While the staff paper acknowledges some of the many positive aspects of lead generation, it focuses on what regulators are likely to view as the negatives:

  • Complexity and Lack of Transparency: The FTC staff recognized that the online lead generation process is complex and often not transparent to consumers. They suggest that consumers may not understand the process, specifically:
    • That their information may be going to a lead generator not a lender,
    • That their information can be sold multiple times leading to multiple offers from lenders and marketers,
    • That the offer they receive may be coming from the company that bid the most to get their information, and
    • That lenders who buy their information may supplement it with additional information about the consumer obtained from other sources.The staff stated that all of these issues should be prominently disclosed to consumers.

The staff stated that all of these issues should be prominently disclosed to consumers.

  • Aggressive or Potentially Deceptive Marketing: The staff also called attention to lead generators who engage in blatantly misleading advertising. One example cited was a lead generator that disguised loan applications to look like job applications.
  • Potential Abuse of Sensitive Consumer Information: The staff further highlighted that bad actors may purchase or obtain consumer information from lead generators and aggregators and use it to commit acts of fraud. In one recent FTC enforcement action the staff noted, a company was accused of purchasing consumer information and using it to debit funds from consumers’ accounts without authorization.

The staff issued stern warnings to lead buyers and sellers alike that neither will be permitted to benefit from this kind of misconduct and avoid liability.
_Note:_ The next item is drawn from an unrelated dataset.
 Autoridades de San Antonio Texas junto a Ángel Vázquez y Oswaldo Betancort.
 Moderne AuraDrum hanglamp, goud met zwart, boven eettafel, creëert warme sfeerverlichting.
Lead buyers are warned that “companies who choose to ignore warning signs [of the above misconduct] and look the other way may be at risk of violating the law themselves.”  The staff acknowledged that many lead buyers are taking increasingly sophisticated steps to identify and reject leads potentially obtained through misleading advertising. For example, at least one company has developed an online tool that assigns unique identifiers to leads allowing them to be tracked throughout the lead generation ecosystem. Lead buyers can also carefully monitor and audit the sites of companies that they buy leads from. The staff’s warning makes clear that these and other steps are not options for lead buyers who wish to avoid violating the law.

To lead sellers, the staff warns that “ignoring warning signs that third parties are violating the law and pleading ignorance will not shield companies from FTC liability.” The staff explained that self-regulatory bodies such as the Better Business Bureau and the Online Lenders Alliance can help sellers in preventing fraud, if the bodies publish clear guidance and follow-it up with robust monitoring and enforcement. The staff also stated that lead sellers have an obligation to vet and monitor the companies they sell leads to. The staff paper indicates that FTC enforcement in this area will not let up. Thus, following industry best practices and the careful vetting and monitoring of lead buyers are essential for lead sellers to avoid liability.

As we’ve noted previously, we’re seeing an uptick in CFPB enforcement in this area even though the FTC seems to have taken primary responsibility for enforcement actions against lead generators. The FTC staff paper will likely inform the CFPB’s own expectations in its increasingly common enforcement activity in the lead generation ecosystem.